### Activity
Below are the entries. Print only the lines starting at the one with "Cloud Secrets Used By Thriving CPAs" and ending at the one with "Coffee table or TV stand with compass feet", exactly, with no pictures.

### Data provided

☆ ☆ ☆ ☆

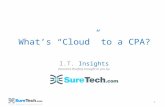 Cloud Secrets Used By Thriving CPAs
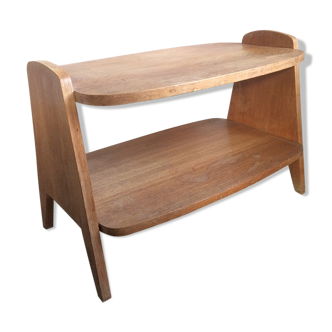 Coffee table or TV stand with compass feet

☆ ☆ ☆ ☆

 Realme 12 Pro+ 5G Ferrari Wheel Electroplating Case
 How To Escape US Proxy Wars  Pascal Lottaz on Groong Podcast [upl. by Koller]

☆ ☆ ☆ ☆

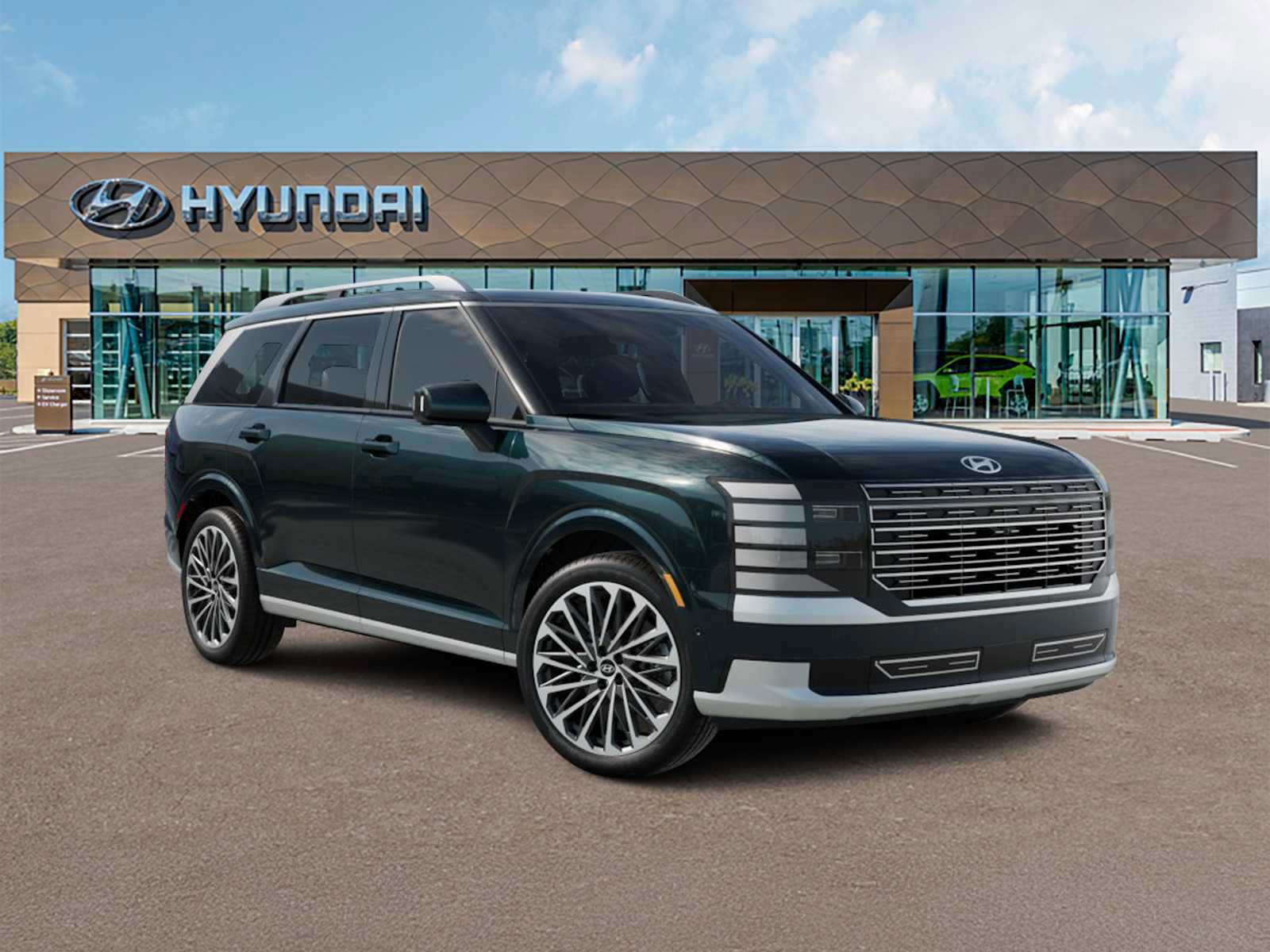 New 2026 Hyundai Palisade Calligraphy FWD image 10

☆ ☆ ☆ ☆

### Solution to this exercise
 Cloud Secrets Used By Thriving CPAs
 Coffee table or TV stand with compass feet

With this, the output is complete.